-- Data section follows --
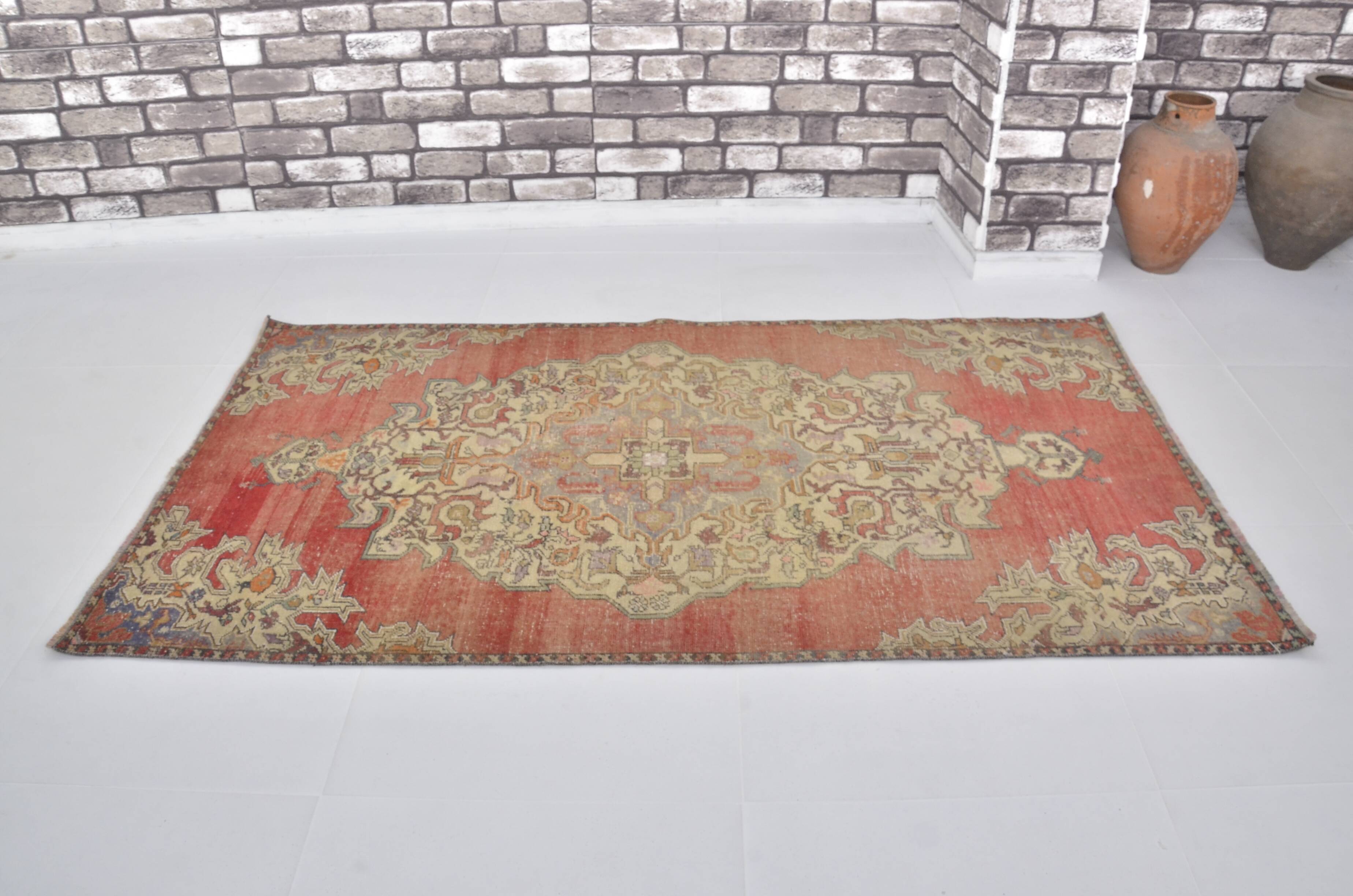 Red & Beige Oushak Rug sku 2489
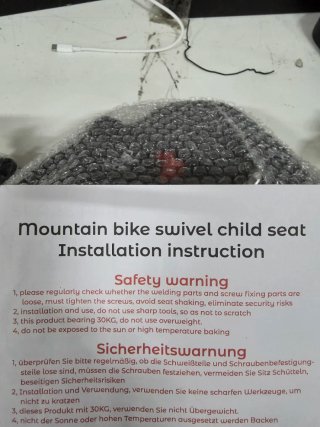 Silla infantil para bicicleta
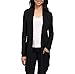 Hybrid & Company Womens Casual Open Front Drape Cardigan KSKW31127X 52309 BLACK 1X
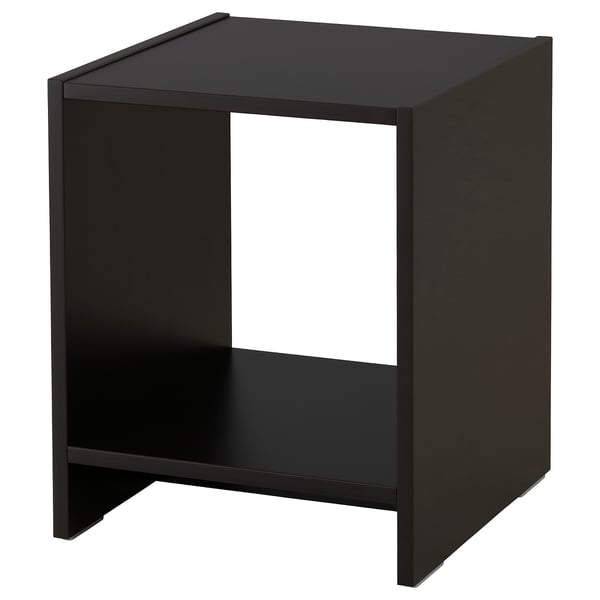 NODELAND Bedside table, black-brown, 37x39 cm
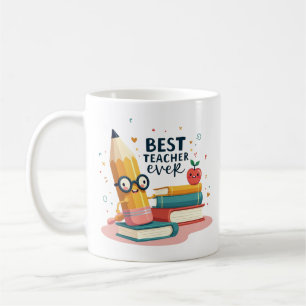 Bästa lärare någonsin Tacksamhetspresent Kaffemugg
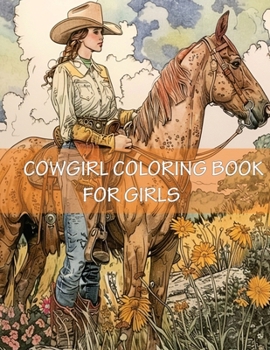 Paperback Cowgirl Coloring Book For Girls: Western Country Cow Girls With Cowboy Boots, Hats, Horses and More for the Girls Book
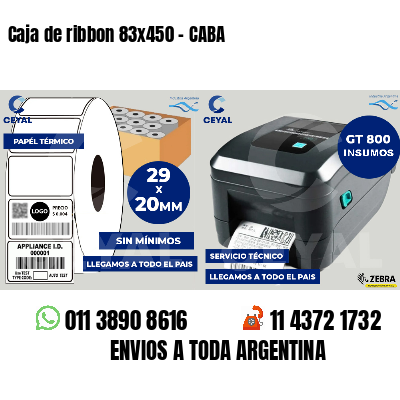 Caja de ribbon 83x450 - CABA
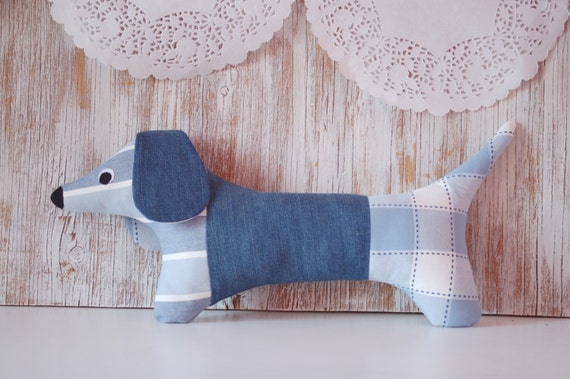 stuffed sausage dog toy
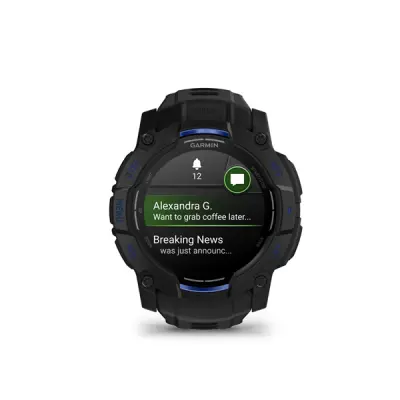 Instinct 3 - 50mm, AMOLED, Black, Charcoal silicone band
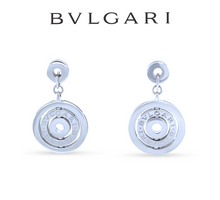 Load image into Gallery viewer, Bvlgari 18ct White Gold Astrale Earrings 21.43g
-- Data section concluded --
** What is needed **
Only these lines belong in the answer: the first line of the listing above through the line holding "Instinct 3 - 50mm, AMOLED, Black, Charcoal", printed exactly and without pictures.

** Exercise answer **
 Red & Beige Oushak Rug sku 2489
 Silla infantil para bicicleta
 Hybrid & Company Womens Casual Open Front Drape Cardigan KSKW31127X 52309 BLACK 1X
 NODELAND Bedside table, black-brown, 37x39 cm
 Bästa lärare någonsin Tacksamhetspresent Kaffemugg
 Paperback Cowgirl Coloring Book For Girls: Western Country Cow Girls With Cowboy Boots, Hats, Horses and More for the Girls Book
 Caja de ribbon 83x450 - CABA
 stuffed sausage dog toy
 Instinct 3 - 50mm, AMOLED, Black, Charcoal silicone band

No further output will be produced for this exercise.